Bonne journée de repos que nous passons agréablement, nous allons à la messe et tout le monde chante.

Lundi 24 Août

On nous fait faire l’exercice le matin, cela nous porte à croire que nous allons rester là longtemps, l'après - midi nous repartons à l’exercice, là, un contrordre arrive: nous rentrons au cantonnement et nous prenons notre dernier repas.
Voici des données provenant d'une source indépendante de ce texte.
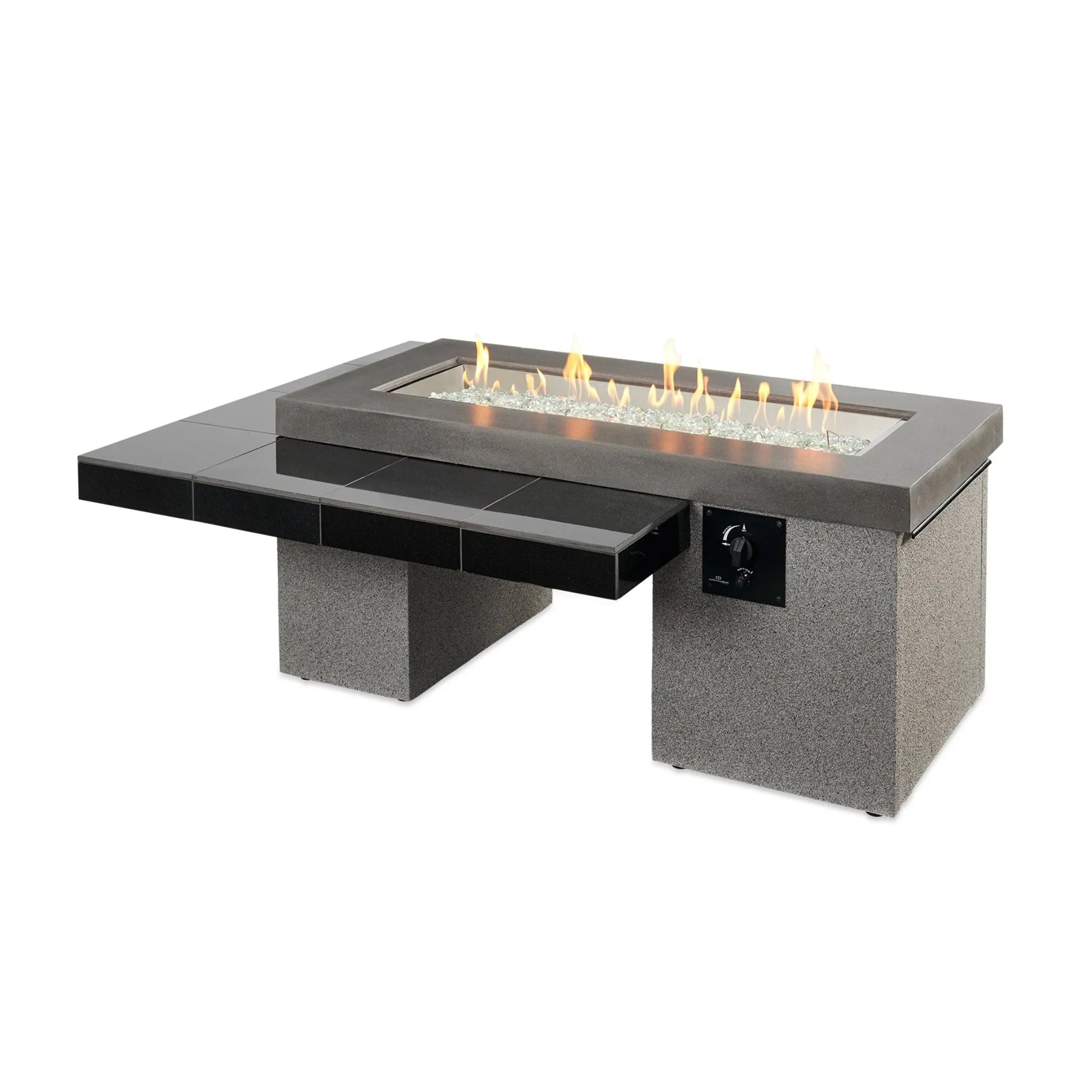 Outdoor GreatRoom UPTOWN Linear Gas Fire Pit Table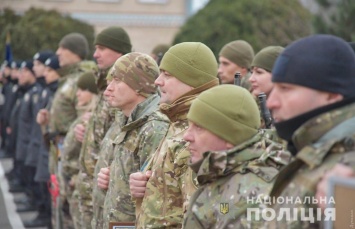 Сводный отряд одесских полицейских вернулся из фронтовой командировки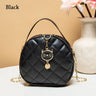 Women Chain Shoulder Bags Round Handbags Ladies Cute Cat PU Leather Female Crossbody Messenger Bag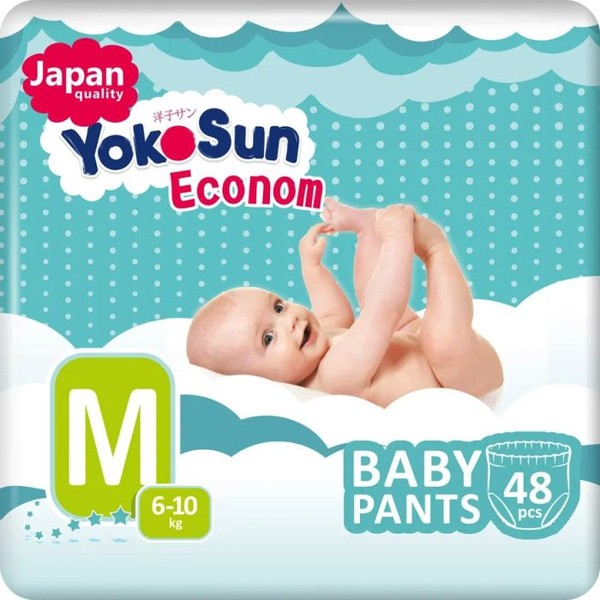 YOKOSUN ECONOM ПОДГУЗНИКИ-ТРУСИКИ M (6-10КГ) ПОДГУЗНИКИ ДЕТСКИЕ-ТРУСЫ №48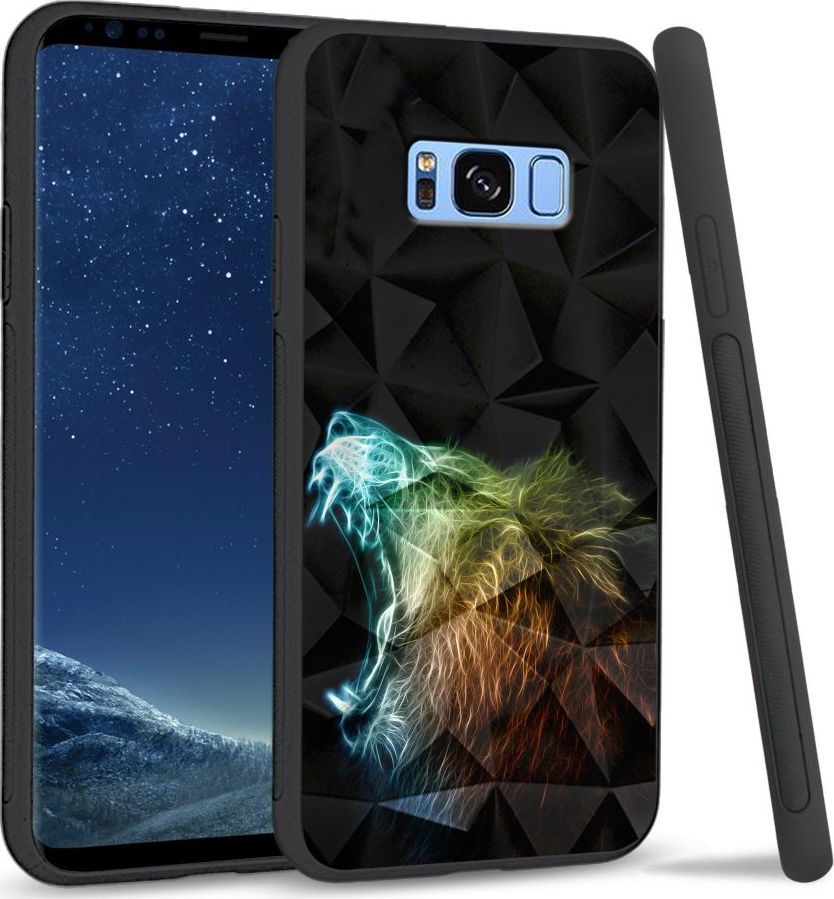 Super Fashion Etui na telefon Samsung Galaxy S8 Plus Crystal Case Roaring Lion 1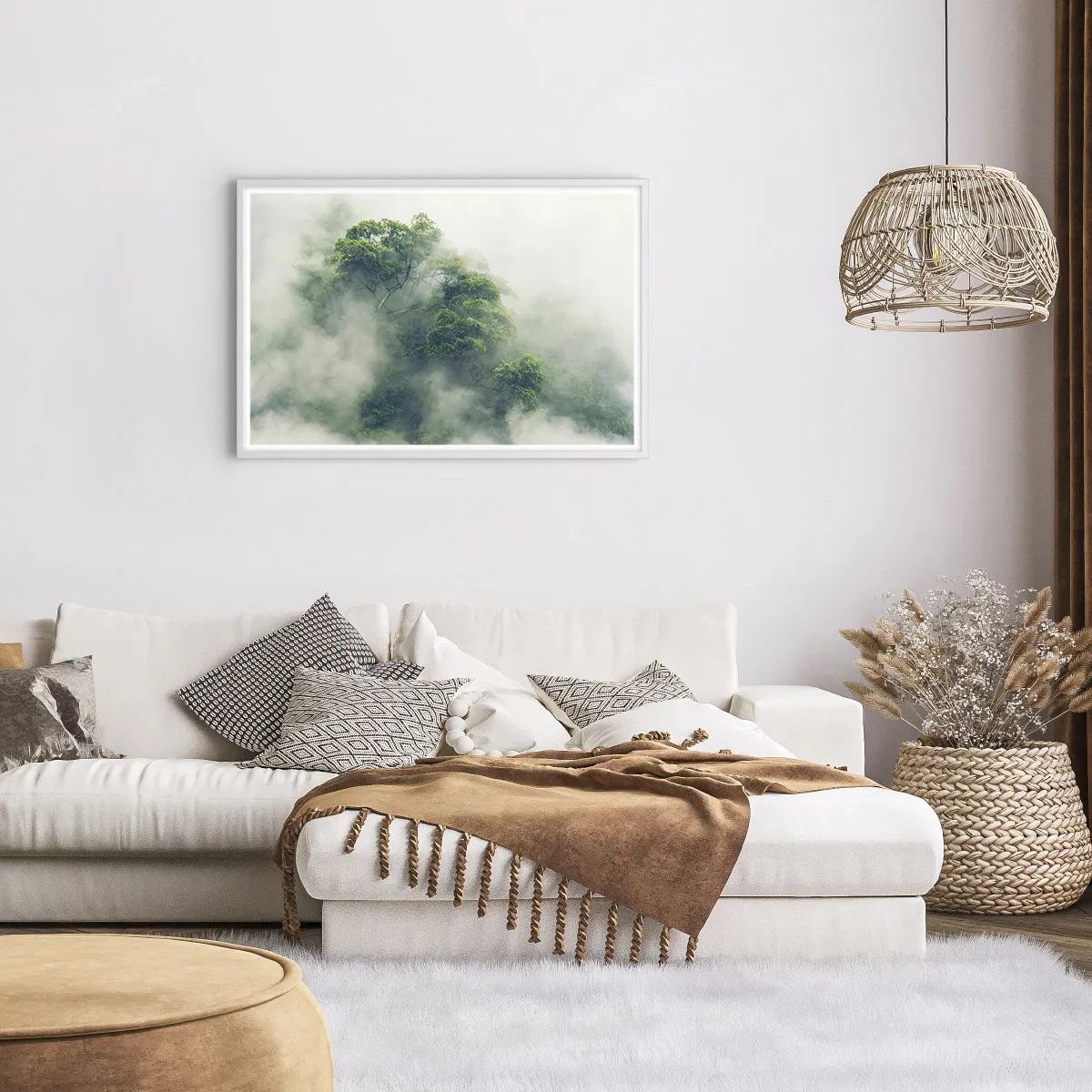 Poszter fekete keretben - Ködbe burkolózva - 91x61 cm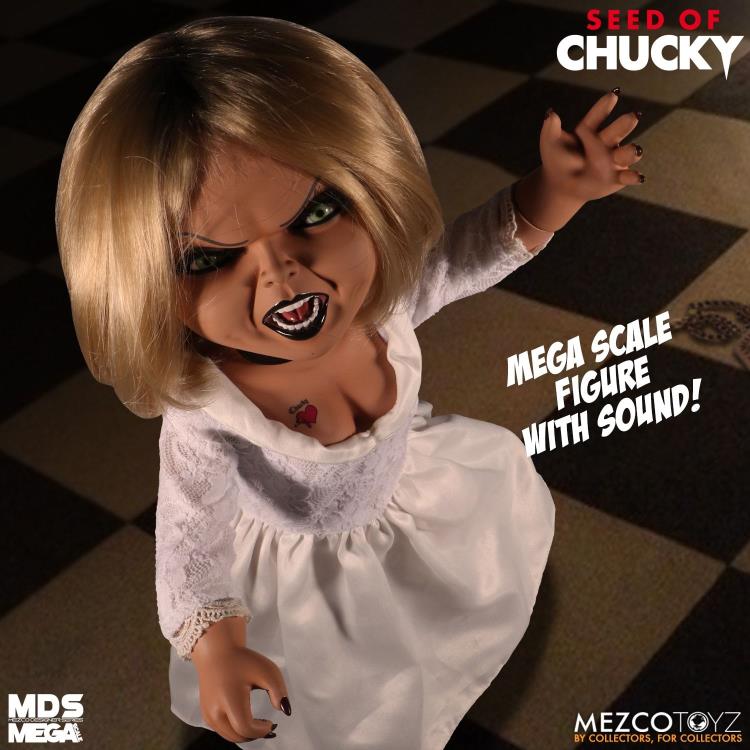 Seed of Chucky Mezco Designer Series Mega Scale Talking Tiffany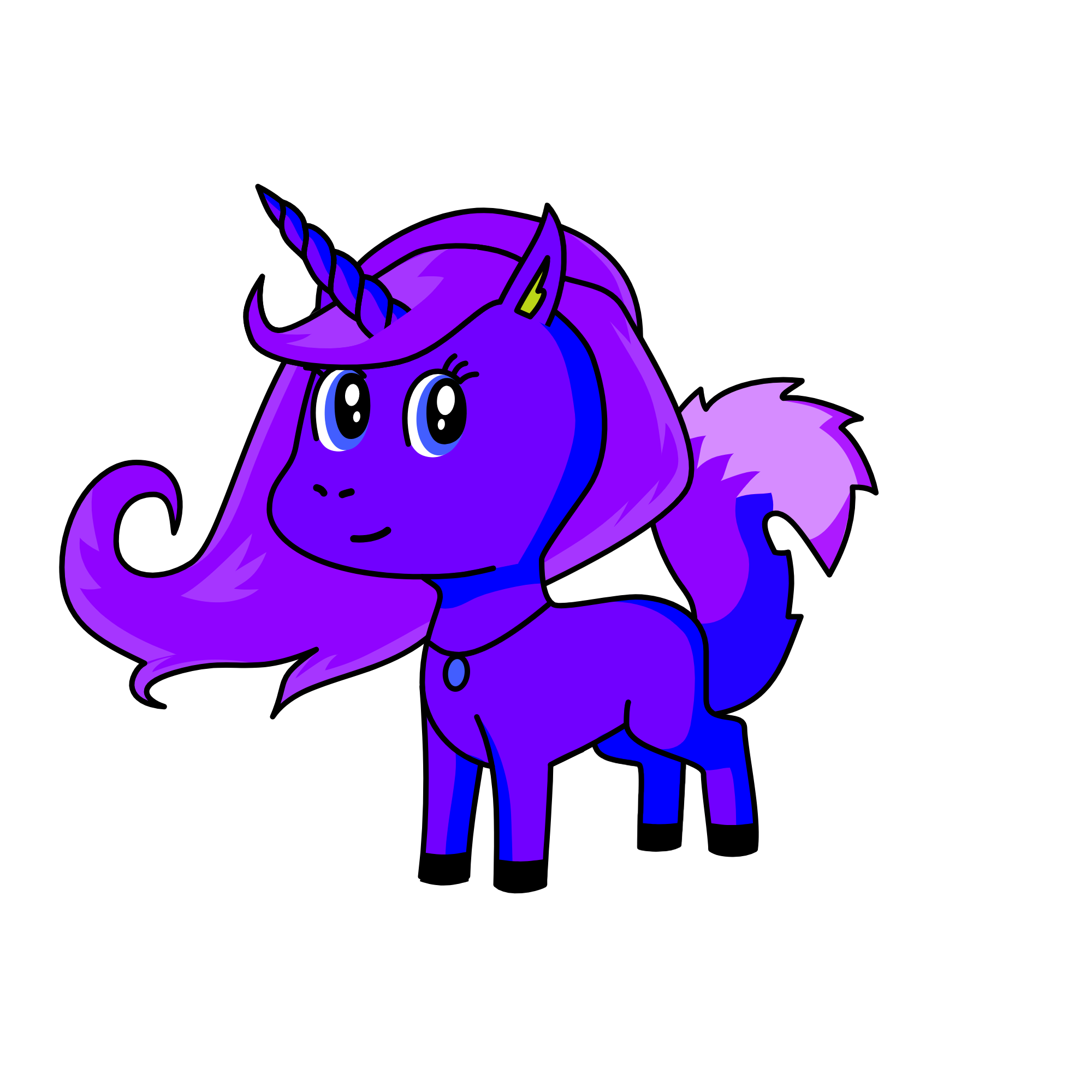 no name, the unicorn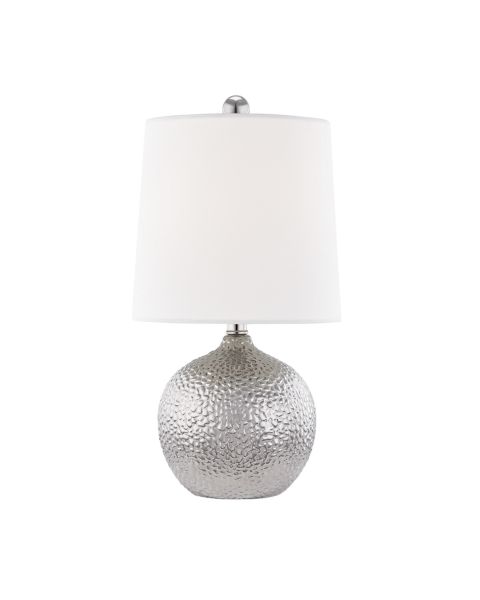Mitzi Heather 15 Inch Table Lamp in Silver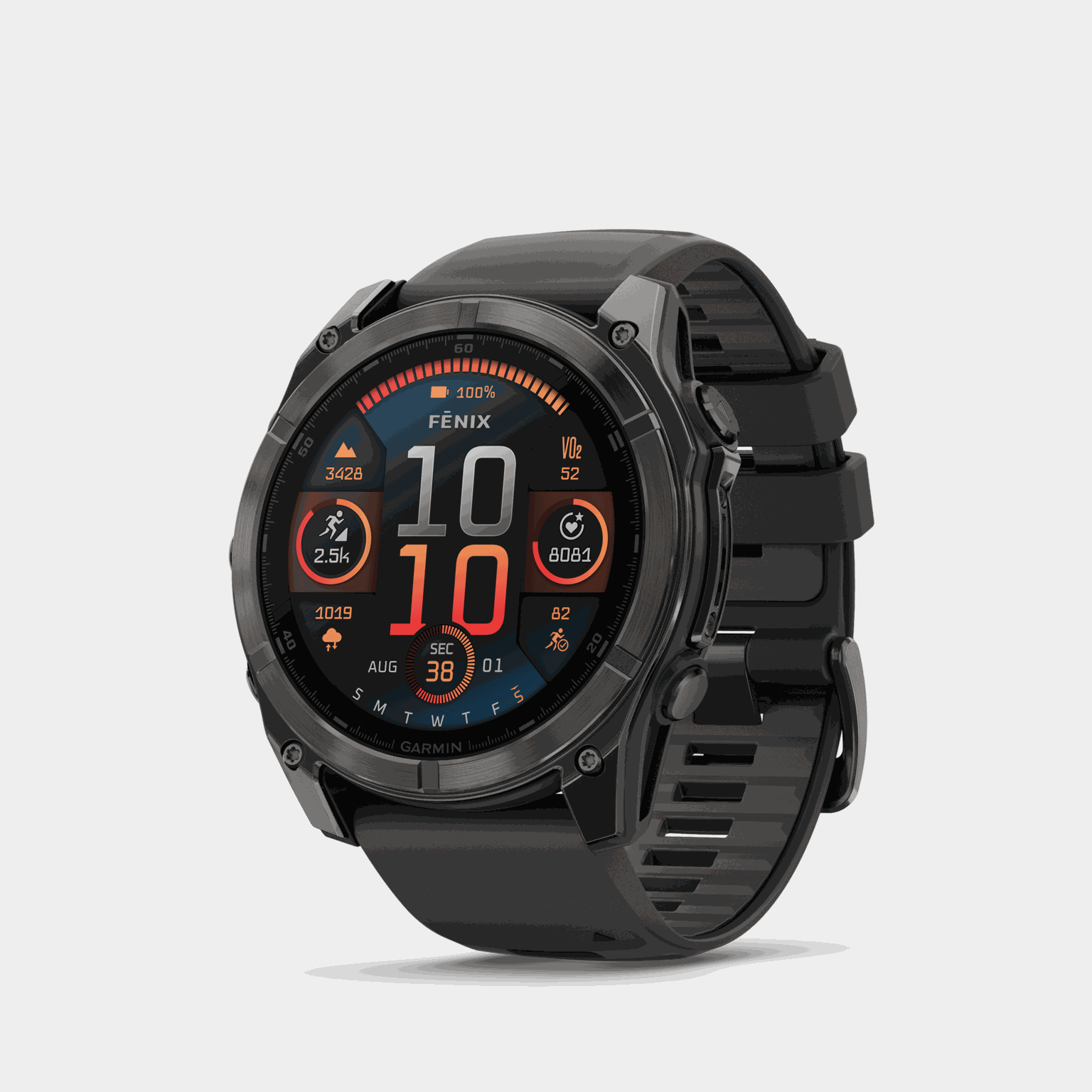 fenix 8 – 51mm, AMOLED, safir, titan, smartklocka - full image 1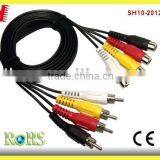 Speaker Cable 4RCA Plug to 4RCA Jack Cable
Départ nocturne, attitude des habitants dont les craintes sont maintenant justifiées, stationnement silencieux et étrange à la gare et sur la voie du chemin de fer; nous repartons et nous apprenons que nous allons sur Belfort afin d'y recevoir nôtre drapeau et de repartir dans un autre pays....

Nous marchons toute  la nuit, le matin à Lachapelle le colonel prend la responsabilité de nous faire reposer un peu car les hommes tombent de fatigue et surtout de sommeil tout le long de la route.

Mardi 25 Août

Le matin, après trois heures de repos à Lachapelle nous repartons pour Héguénigue; revue, présentation du drapeau, c'est le sergent Lagadette qui en a eu la garde ce jour là, discours du colonel, émouvant défilé devant l'emblème face à l'est nous regardons le drapeau en passant, l'après-midi, préparation pour le départ du lendemain.

On nous distribue des molletières en drap de Mulhouse, nous prenons la garde aux issues toute la nuit par un temps de pluie.

Mardi 25 et Mercredi 26 Août

Cantonnement à Héguénigue.

Jeudi 27 Août

Départ à  9 heures pour Belfort où nous arrivons sous une pluie fine, la ville  est silencieuse et vide. Nous arrivons à la gare où nous allons embarquer pour une destination qui ne nous est pas encore communiquée, le capitaine fait distribuer du fromage et du café et vient enfin l'heure de monter dans le train.

Nous voila plus où moins bien installés...le train démarre, il est 20 heures 30, nous roulons pour destination inconnue, nous regardons les villages que nous passons, jolies vues, très agréables.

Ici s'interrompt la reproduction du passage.